[Stored records]

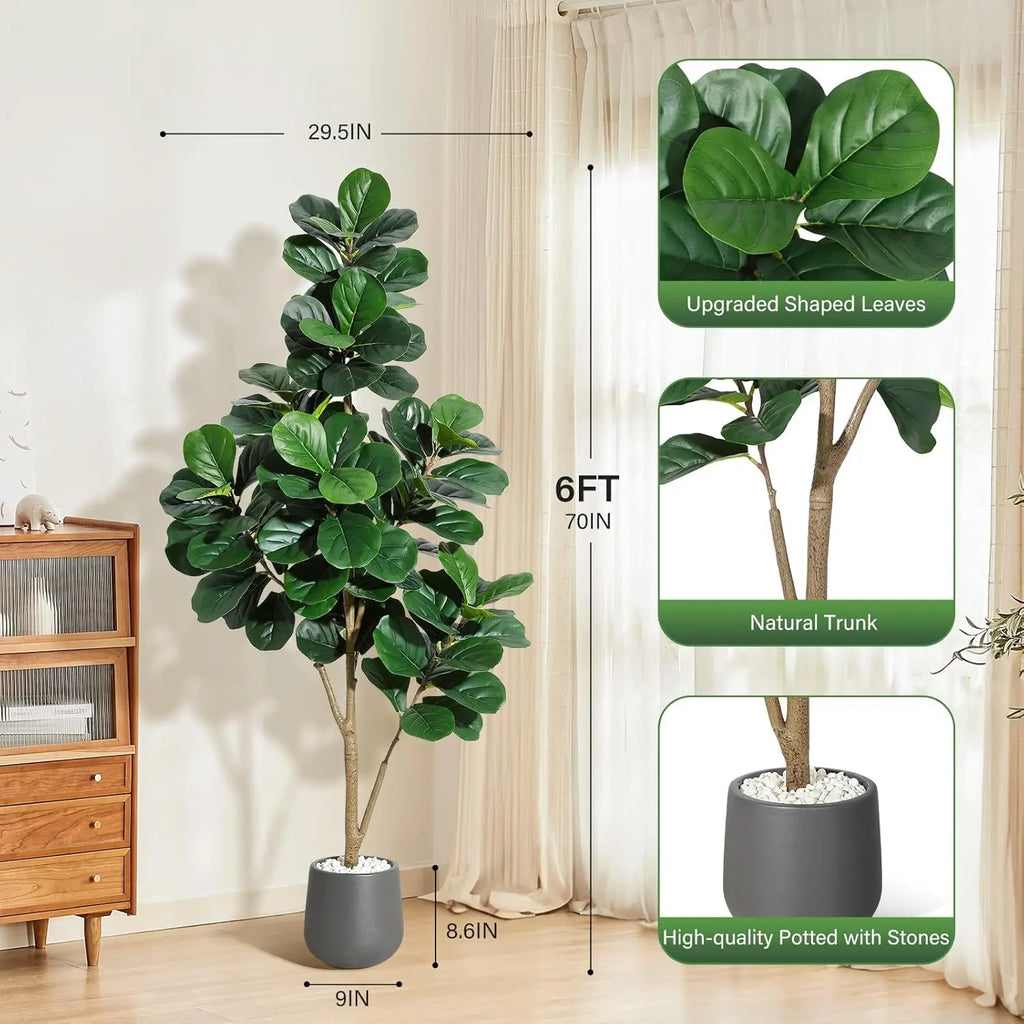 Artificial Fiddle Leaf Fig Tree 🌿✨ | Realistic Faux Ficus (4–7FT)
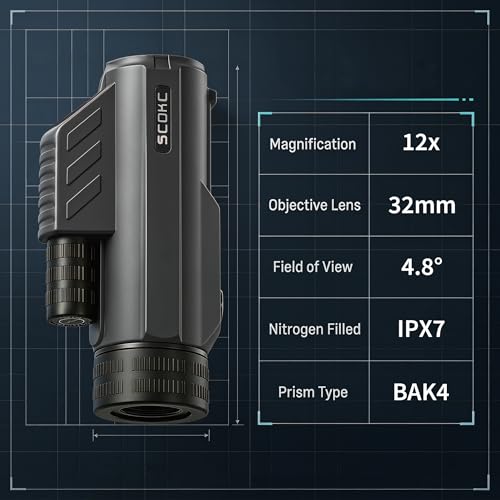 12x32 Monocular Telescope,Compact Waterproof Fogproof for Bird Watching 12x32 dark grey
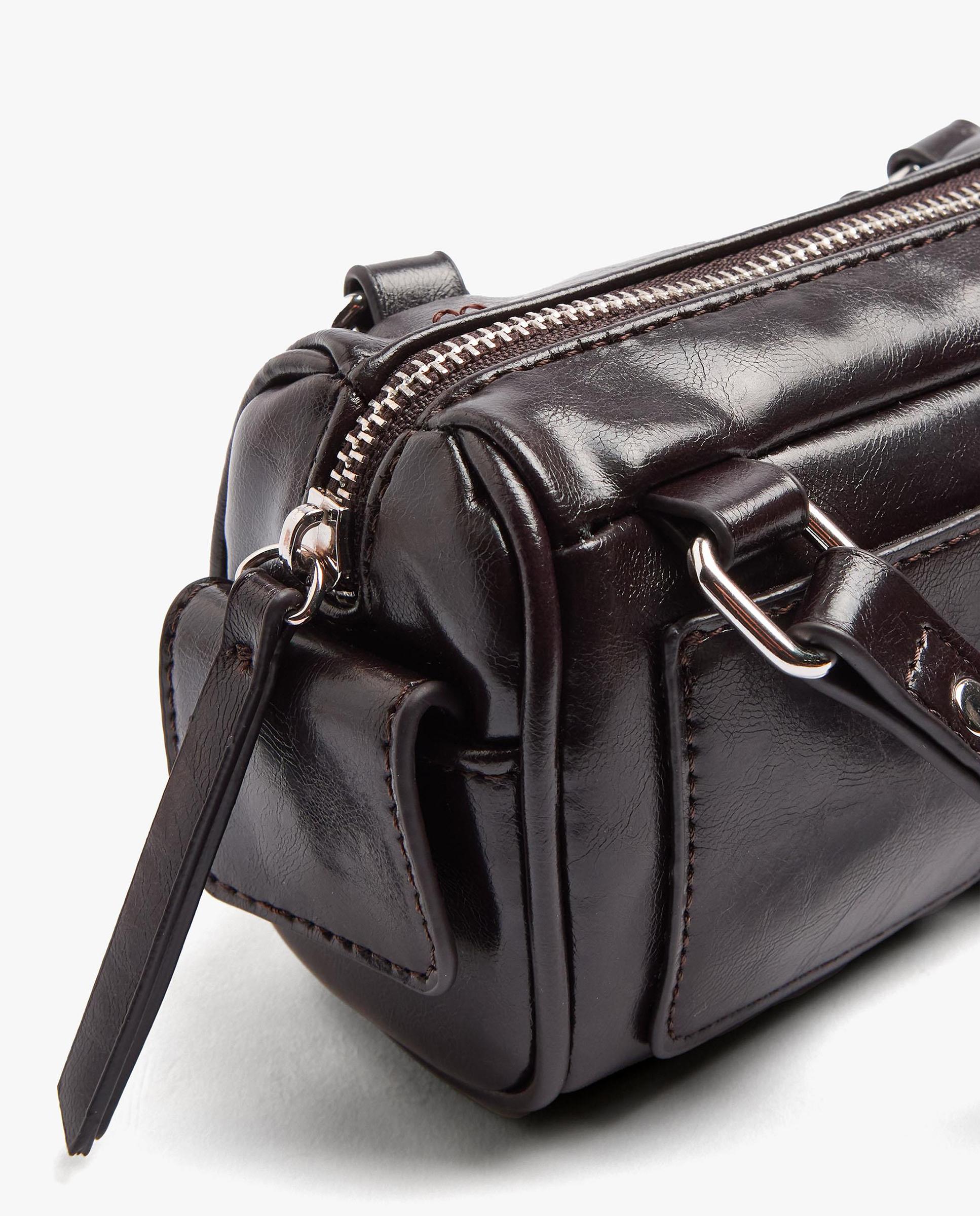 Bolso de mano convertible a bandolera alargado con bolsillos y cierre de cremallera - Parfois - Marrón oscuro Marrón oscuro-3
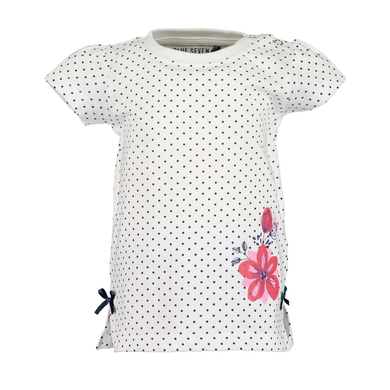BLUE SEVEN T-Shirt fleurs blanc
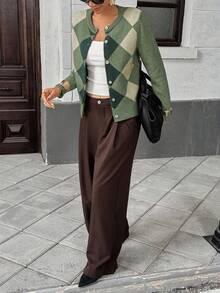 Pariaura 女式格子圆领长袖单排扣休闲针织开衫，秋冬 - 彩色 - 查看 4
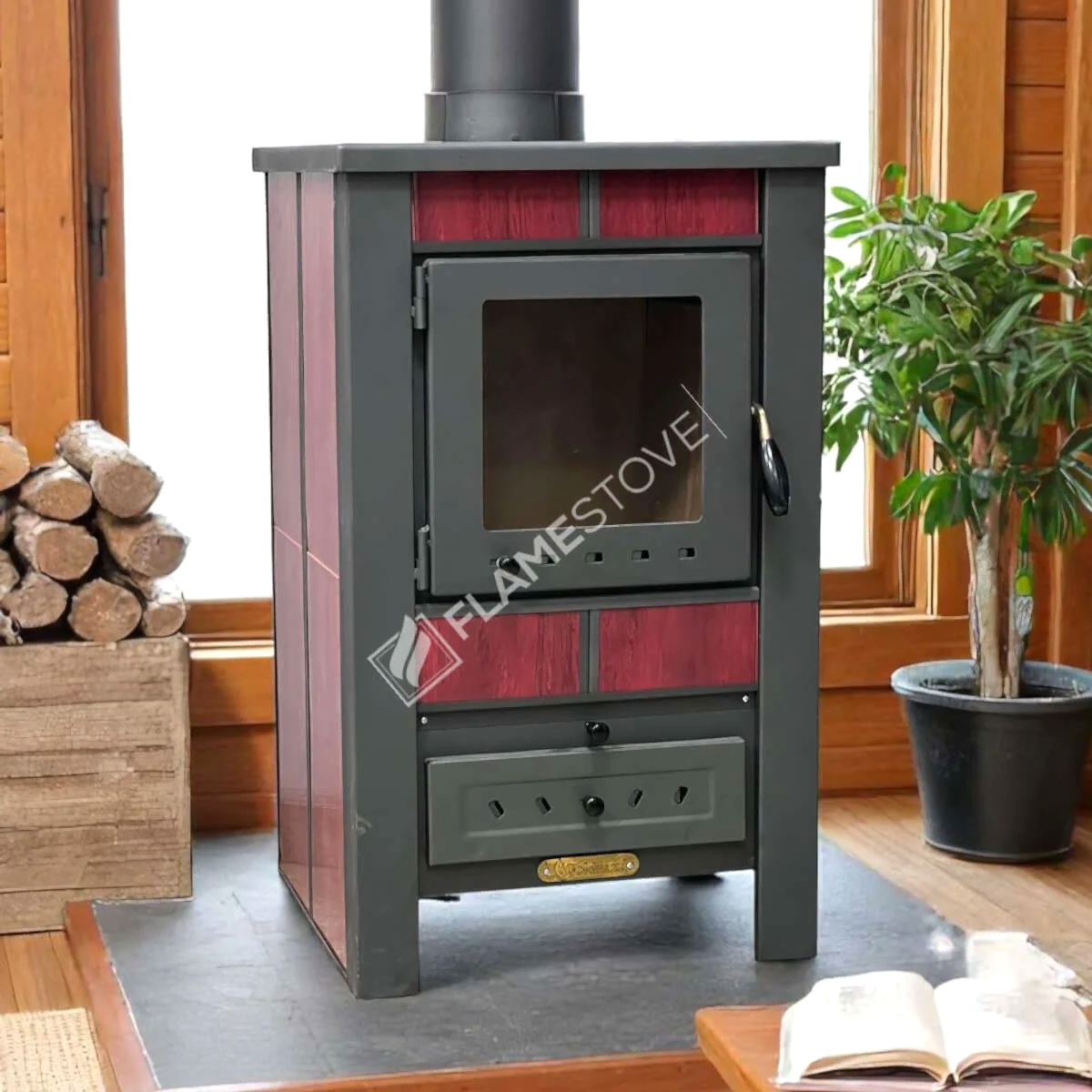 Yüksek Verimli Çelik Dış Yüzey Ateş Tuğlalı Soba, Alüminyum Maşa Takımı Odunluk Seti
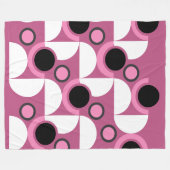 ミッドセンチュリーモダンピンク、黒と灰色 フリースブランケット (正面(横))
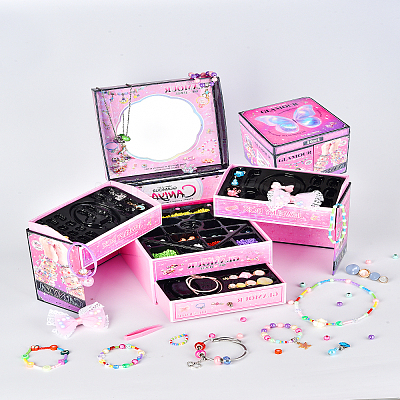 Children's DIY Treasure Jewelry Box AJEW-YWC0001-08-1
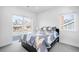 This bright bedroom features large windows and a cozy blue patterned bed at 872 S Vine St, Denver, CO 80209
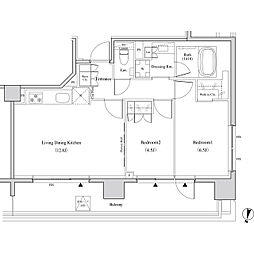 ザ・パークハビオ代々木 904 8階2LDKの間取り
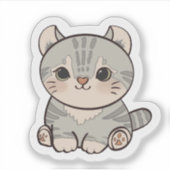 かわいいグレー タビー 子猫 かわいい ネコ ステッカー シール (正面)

EXERCISE:
Return the data exactly. Pictures stay out.

ANSWER TO THIS TASK:
 Artificial Fiddle Leaf Fig Tree 🌿✨ | Realistic Faux Ficus (4–7FT)
 12x32 Monocular Telescope,Compact Waterproof Fogproof for Bird Watching 12x32 dark grey
 Bolso de mano convertible a bandolera alargado con bolsillos y cierre de cremallera - Parfois - Marrón oscuro Marrón oscuro-3
BLUE SEVEN T-Shirt fleurs blanc
 Pariaura 女式格子圆领长袖单排扣休闲针织开衫，秋冬 - 彩色 - 查看 4
 Yüksek Verimli Çelik Dış Yüzey Ateş Tuğlalı Soba, Alüminyum Maşa Takımı Odunluk Seti
 ミッドセンチュリーモダンピンク、黒と灰色 フリースブランケット (正面(横))
 Children's DIY Treasure Jewelry Box AJEW-YWC0001-08-1
 This bright bedroom features large windows and a cozy blue patterned bed at 872 S Vine St, Denver, CO 80209
 ザ・パークハビオ代々木 904 8階2LDKの間取り
 かわいいグレー タビー 子猫 かわいい ネコ ステッカー シール (正面)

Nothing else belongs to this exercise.